Sorry, I realised that I did not answer all of your questions before. It does work in safe mode but does not work if I restart the computer normally with no internet connection.

I am not quite sure what you mean about terminating processes with a User Name except explorer. I did start to end some processes but it appeared that some were essential and another (lsass.exe I think) caused the computer to re-boot.

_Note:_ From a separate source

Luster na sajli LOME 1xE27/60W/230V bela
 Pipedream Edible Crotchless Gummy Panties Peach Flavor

I did try out the clean boot troubleshooting that you suggested. When disabling all services explorer works but when I enabled half of the services I hit a userinit.exe - application error (The application failed to initialize properly (0xc0000043)...) and the pc would not start at all. The wife has now told me that she has seen this error before except that it usually continues to start up after encountering it.

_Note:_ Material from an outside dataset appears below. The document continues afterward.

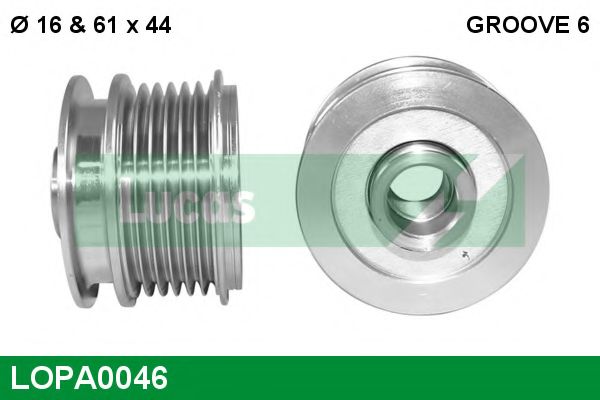 Механизм свободного хода генератора LUCAS ENGINE DRIVE LOPA0046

Unfortunately I am running out of time because I need to go away for a few days so please do not spend any more time on this. When I get back I will experiment some more with the clean boot troubleshooting and if that does not reveal anything I will re-build.

Thanks for your all help


----------



## Rollin' Rog (Dec 9, 2000)

"User Name" simply means processes that are owned by the logged on user or programs installed by that person. You will see a "user name" after all NON-System processes, including Explorer.


I don't know what's up with the "userinit" error -- you did hide the "microsoft" services before disabling others -- yes?


Try starting in Last Known Good Configuration or in Safe Mode. You may need to choose the built-in Administrator account.

Good luck, when you are ready to continue, just PM me.


----------



## JSntgRvr (Jul 1, 2003)

The userinit entry in the registry is an important entry in the logon process. We haven't review that enty.

Download the enclosed folder. Save and extract its content on the *Win2Kquery* folder downloaded earlier. It wont work on the desktop. Once extracted, doubleclick on the Query_2.bat file and post the report it will produce.


----------



## EssenceRare (Aug 2, 2007)

Hi JSntgRvr,

I have run the batch file that you sent to me and the results are listed at the bottom of this post.

One thing that I have noticed is that the 'userinit.exe - Application error' usually occurs if I start the pc but do not enter the Administrator password straight away (i.e. leave it at the log in screen for a couple of minutes). Doing this usually causes this error and sometimes others.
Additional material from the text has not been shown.